День Бахуса (Колокольников) - страница 75

Чем больше плавание на безымянном корабле походило на неудавшуюся шутку, тем настойчивей росло желание узнать, чем закончится плавание, и к какому берегу он пристанет. К сожалению или счастью, я этого не узнал. Однажды мои попрыгушки с корабля прекратились. Перемещаясь как-то в подпитии из дома на море, я промахнулся, и оказался в ином месте.

4

Desides domi sedemus

(сидим дома в праздности)

Ангел по обыкновению заходил вечером в четверг или пятницу или субботу утром. Другие дни недели он игнорировал, кроме понедельника, когда от него приходили поздравительные телеграммы или заказные письма с коллажами из вырезок глянцевых журналов.

В четверг он бывал чем-то озабочен, выпивал чаю с лимоном, манерно надкусывая желтую дольку, затягивался пару раз дорогой сигаретой, отпуская дым вензельным колечком, и торопливо уходил.
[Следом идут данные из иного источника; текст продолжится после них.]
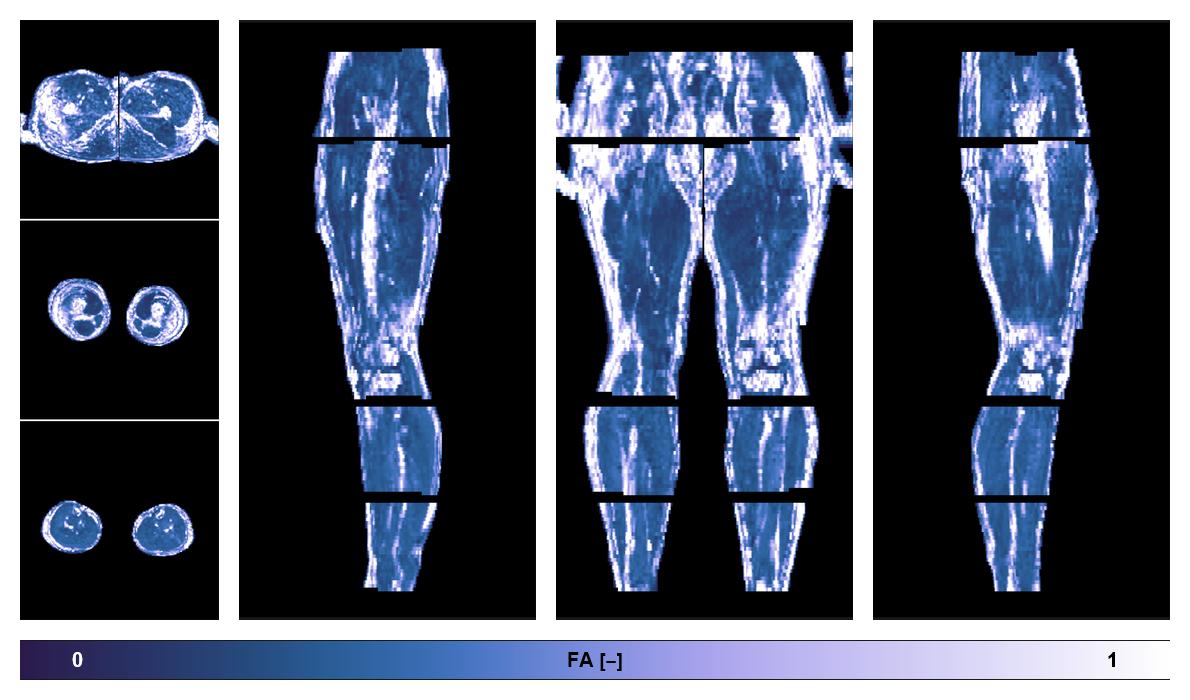 IVIM corrected whole leg muscle fractional anisotropy obtained from diffusion tensor imaging.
А я смахивал белое перышко со стула и вздыхал. Оставалось ждать следующей недели.

В пятницу Ангел заявлялся навеселе в расстегнутом пальто, развязанном шарфе, с одной перчаткой в кармане и некрепко сжатой в зубах тлеющей сигарой. Приносил вино, сыр, трубочный табак, бэнг и уличный холод и, не обращая внимания на мою меланхолии, пил как гусарский бригадир.

Каждое воскресное утро он появлялся весь в белом у изголовья кровати и пел веселые песни о влюбленных женщинах, благоухая персиками или свежими огурцами. Пел до легкой хрипотцы и потом исчезал, оставляя пятилитровое пластиковое ведерко до краев наполненное теплым кагором.

Как-то вечером в пятницу пришел Ангел, я сжигал в коридоре в жестяном тазу ворохи исписанной бумаги. Сидел в облаках дыма и пепла, как начинающий колдун. С тех пор, как я попал сюда (плохо понимая где я) и увидел за окном недружелюбные равнины снега, скелеты деревьев и жесткую метлу ледяного ветра, мне стало совершенно наплевать, что происходит в мире и со мной.

Я перечитывал рассуждения Томаса де Квинси от том, как печально принимать сан мертвеца под летним небом, и как совсем недурно сделать то же самое под зимним. Ангел понимал, что происходило в моей душе и обращался со мной, как с пятилетним ребенком. Говорил о книгах, о поп-музыке, о кумирах кино и эстрады, приносил настольные игры, вспоминал словесные забавы и даже рисовал на стенах теплые страны и портреты боливийских революционеров. Угощал восточными сладостями, халвой и финиками, и каждые три-четыре дня учил, как правильно готовить глинтвейн.

Впрочем, заботливое участие мало трогало. Ангела смешило буквально всё, словно школьника объевшегося смешинок Момуса (бог смеха). Я же наоборот оставался непоколебимо равнодушен к любым проявлениям жизни, словно старая уставшая бамбера (порноактирса).